Another literal translation from English   In Mainland, 死線 is more likely to be interpreted as 'Death Ray'.


----------



## SuperXW

Jerry Chan said:


> deadline自然是(截止)期限, 但在香港, 我發現「死線」這個詞越來越常用
> 不知其他地區有沒有這情況?


I haven't found the usage of 死線 being popular in the Mainland.
If you speak out 死線 with Mandarin, it will sound identical to 死限. This could cause some confusion.
By saying 死限, you refer to someone's day of death, or less possibly, you emphasize that there are some unbreakable limitation or deadline.


----------



## BODYholic

stellari said:


> If I do not have to explicitly put a noun form of 'the deadline' in the sentence, the best way I can think of  (in a very formal tone) is:
> 
> 奖学金的申请将于本周五截止。
> 
> Yes I believe this one is better than what I originally suggested (in which I attempted to respect the OP's original sentence structure).



While people in our region rarely (but yes we do) use 本周五, it does sound a lot more formal than 这个星期五. And as a whole, it  makes the sentence, in my opinion, more balance. 




Skatinginbc said:


> After browsing through the search results in   your link, I found that most of the quotations came from Singapore and   Malaysia, both being former British colonies.  It seems to support,   rather than to weaken, Stellari's theory that 来临的+day is a loan   translation.  It is further supported by the fact that the expression is   considered "foreign" (strange and non-standard) in both China   (according to Stellari) and Taiwan (as far as I know).

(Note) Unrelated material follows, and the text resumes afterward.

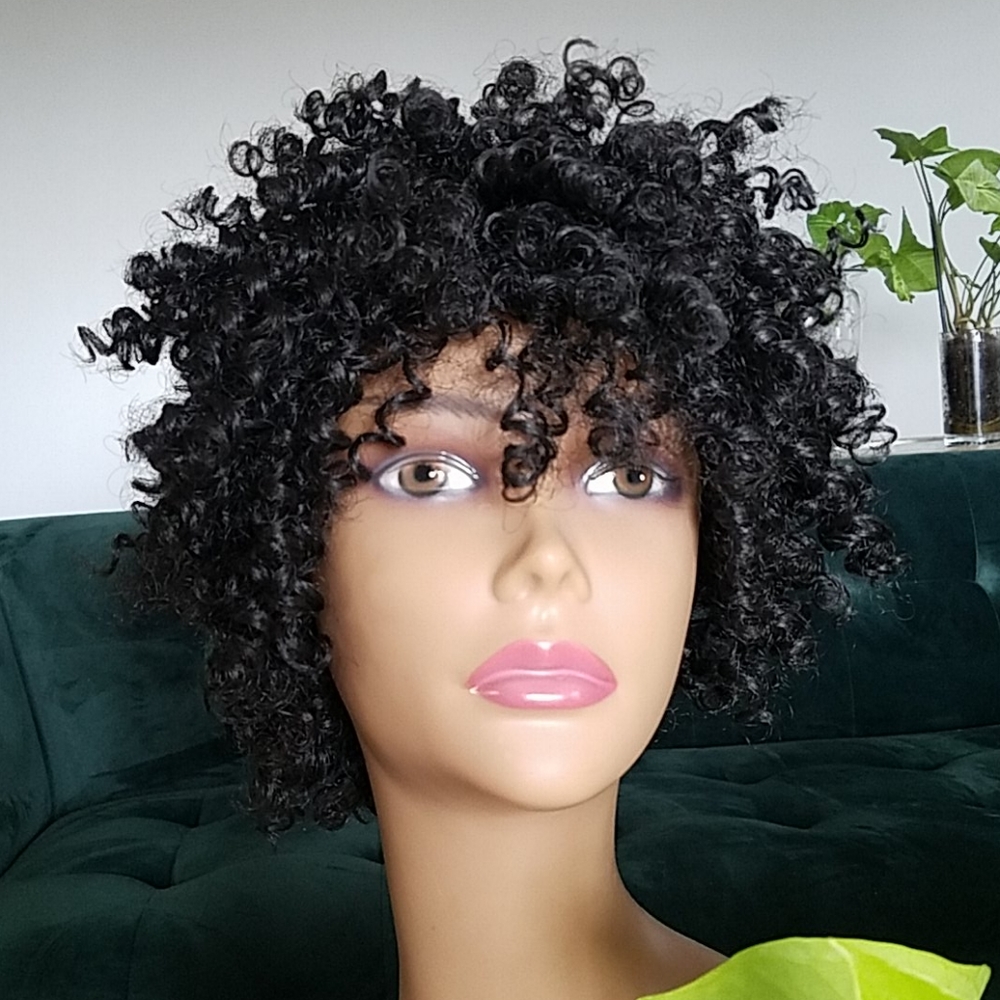 Curly wig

Thanks for your observations. While I do find a small number of articles from the Google's SERP originated from Taiwan, I agree with you most of them were from the 南洋 region. I guess that explains why native speakers from mainland China (and Taiwan perhaps?) find it foreign/strange but the use of the same expression is like a second nature to us.


----------